- Shawn Macdonald
- Frog Eyes (left to right: Ryan Beattie, Megan Boddy, Melanie Campbell, Carey Mercer)
Be sure to check out this week's article on Frog Eyes, which contained a tiny portion of the lengthy interview I had with frontman Carey Mercer. The new Frog Eyes record, Paul's Tomb: A Triumph, is a wonderful, weird, woolly, and densely packed record with plenty of guitar shredding, highlighted by Mercer's unique vocals and his spiraling, arcane lyrics. It's music that appeals to the emotions and intellect at the same time, and although that sounds unbearably pretentious, Frog Eyes is pretty amazing.
Anyway, the interview with Mercer turned out to be one of the most interesting conversations I've had in a while, so we're posting the whole thing for you after the jump.
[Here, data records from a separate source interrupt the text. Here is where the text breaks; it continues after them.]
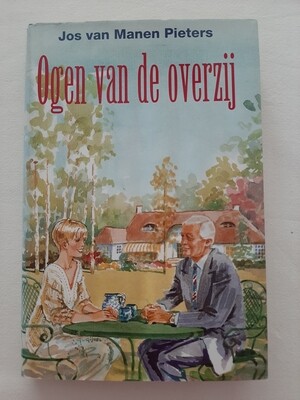 Ogen van de overzij - Jos van Manen Pieters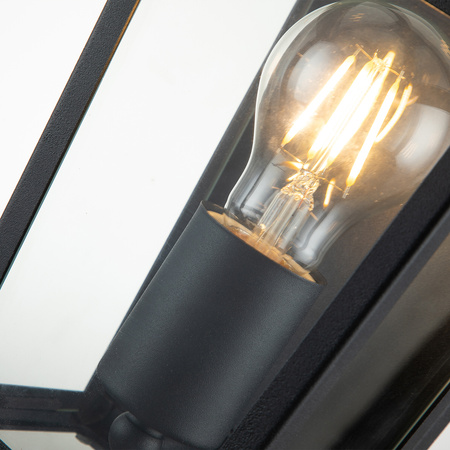 Latarnia naścienna Alford Place - 1 źródło światła Alford Place Quintiesse Hinkley QN-ALFORD-PLACE7-S-MB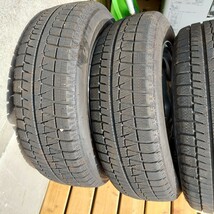 ☆ミニクーパー用　ホイール&タイヤ　185/60R15　4穴　スタッドレス_画像3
Very big thanks to intern Brianne Turner who plowed through the thankless transcription duties despite being hopped up on painkillers.
Frog Eyes play Sunday, May 23 at Holocene, 1001 SE Morrison, w/Mt. St. Helens Vietnam Band & Typhoon, 8:30 pm, $8
MERCURY: Does the cover artwork for Paul's Tomb: A Triumph have a special significance, or was it just an arbitrary image?
CAREY MERCER: Probably somewhere in between. I never took the photo. The photo is one of the first color photographs ever taken, actually. I think it's from 1909. It's this beautiful, really lush, luminous look into the past in a way that you never thought you would get. I've stopped short of saying our record does the same. [laughs]
Your record's from 1909?!
Yeah, we used all 1909 microphones! [laughs] No, the farthest I'll go is to say that, sonically, we were trying to make a record that kind of sounded out of time. It's kind of hard to pin exactly what the fidelity is on the record. I think we succeeded in that sense, so that's what we wanted to do. The very simple and most honest answer is that I just find the photos to be really beautiful, and I just thought, wow, let's use 'em.
Yeah, actually there are hundreds of this guy's [Sergei Pokudin-Gorskii] photographs that are archived in really high resolution on the Smithsonian website. He never actually got to see his photos, because he would take three monochromes. He'd take a red monochrome, a blue monochrome and a yellow monochrome, and that's why there's that kind of blurry quality to it. It's a compressed image of—the space is about a minute, right? Yeah, so he would've added them all together, but I don't think he had the technology to do that. Kind of interesting, kind of like there's a bit of a romantic, art for art's sake aspect to that that certainly tugs at my soul.
You had mentioned that you wanted the album to have a sort of lost-in-time feel, and thing it evokes for me is Super 8 film quality, somehow with the guitar sounds. And that's the sort of thing where you can't really tell when it was taken.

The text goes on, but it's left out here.